From the line that contains "Second-hand Dodge Ram" to the last line of the entries, write each line out exactly; include both ends and nothing else.

Given data:
::::

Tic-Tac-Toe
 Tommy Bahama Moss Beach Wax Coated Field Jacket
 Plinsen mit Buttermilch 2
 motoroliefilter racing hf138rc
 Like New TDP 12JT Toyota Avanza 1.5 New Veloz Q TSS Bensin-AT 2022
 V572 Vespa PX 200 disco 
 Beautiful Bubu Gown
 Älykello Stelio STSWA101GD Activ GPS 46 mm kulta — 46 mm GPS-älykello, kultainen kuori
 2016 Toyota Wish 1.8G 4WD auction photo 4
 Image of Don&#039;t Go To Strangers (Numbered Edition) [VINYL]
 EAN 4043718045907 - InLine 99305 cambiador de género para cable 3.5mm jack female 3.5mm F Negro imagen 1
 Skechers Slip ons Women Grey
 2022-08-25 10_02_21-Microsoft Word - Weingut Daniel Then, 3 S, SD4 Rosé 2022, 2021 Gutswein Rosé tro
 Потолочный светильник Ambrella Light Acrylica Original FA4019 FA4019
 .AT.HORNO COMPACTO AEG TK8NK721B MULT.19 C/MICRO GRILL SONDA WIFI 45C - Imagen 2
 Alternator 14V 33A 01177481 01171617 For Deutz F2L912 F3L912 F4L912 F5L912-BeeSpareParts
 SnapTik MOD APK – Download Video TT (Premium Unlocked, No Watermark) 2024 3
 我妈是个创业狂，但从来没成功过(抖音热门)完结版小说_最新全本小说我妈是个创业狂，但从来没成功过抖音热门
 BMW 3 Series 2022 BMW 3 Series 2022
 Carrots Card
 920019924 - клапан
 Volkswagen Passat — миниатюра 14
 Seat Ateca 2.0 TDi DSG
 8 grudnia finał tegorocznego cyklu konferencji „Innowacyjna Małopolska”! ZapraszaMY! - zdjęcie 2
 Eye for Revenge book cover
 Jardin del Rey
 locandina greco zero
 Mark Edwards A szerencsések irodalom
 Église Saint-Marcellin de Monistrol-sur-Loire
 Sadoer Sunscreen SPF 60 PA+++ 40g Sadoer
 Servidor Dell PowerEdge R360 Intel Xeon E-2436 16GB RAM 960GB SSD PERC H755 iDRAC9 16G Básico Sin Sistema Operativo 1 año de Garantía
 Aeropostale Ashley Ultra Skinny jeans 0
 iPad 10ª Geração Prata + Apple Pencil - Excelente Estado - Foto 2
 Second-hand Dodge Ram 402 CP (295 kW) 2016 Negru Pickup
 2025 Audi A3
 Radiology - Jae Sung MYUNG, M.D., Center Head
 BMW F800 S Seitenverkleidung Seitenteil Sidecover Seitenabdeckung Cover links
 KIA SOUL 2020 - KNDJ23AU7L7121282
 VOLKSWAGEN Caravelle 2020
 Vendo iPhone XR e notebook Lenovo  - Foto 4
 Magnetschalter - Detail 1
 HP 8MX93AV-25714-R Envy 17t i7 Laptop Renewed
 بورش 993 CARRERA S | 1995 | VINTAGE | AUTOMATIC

::::

Reply to the task:
 Second-hand Dodge Ram 402 CP (295 kW) 2016 Negru Pickup
 2025 Audi A3
 Radiology - Jae Sung MYUNG, M.D., Center Head
 BMW F800 S Seitenverkleidung Seitenteil Sidecover Seitenabdeckung Cover links
 KIA SOUL 2020 - KNDJ23AU7L7121282
 VOLKSWAGEN Caravelle 2020
 Vendo iPhone XR e notebook Lenovo  - Foto 4
 Magnetschalter - Detail 1
 HP 8MX93AV-25714-R Envy 17t i7 Laptop Renewed
 بورش 993 CARRERA S | 1995 | VINTAGE | AUTOMATIC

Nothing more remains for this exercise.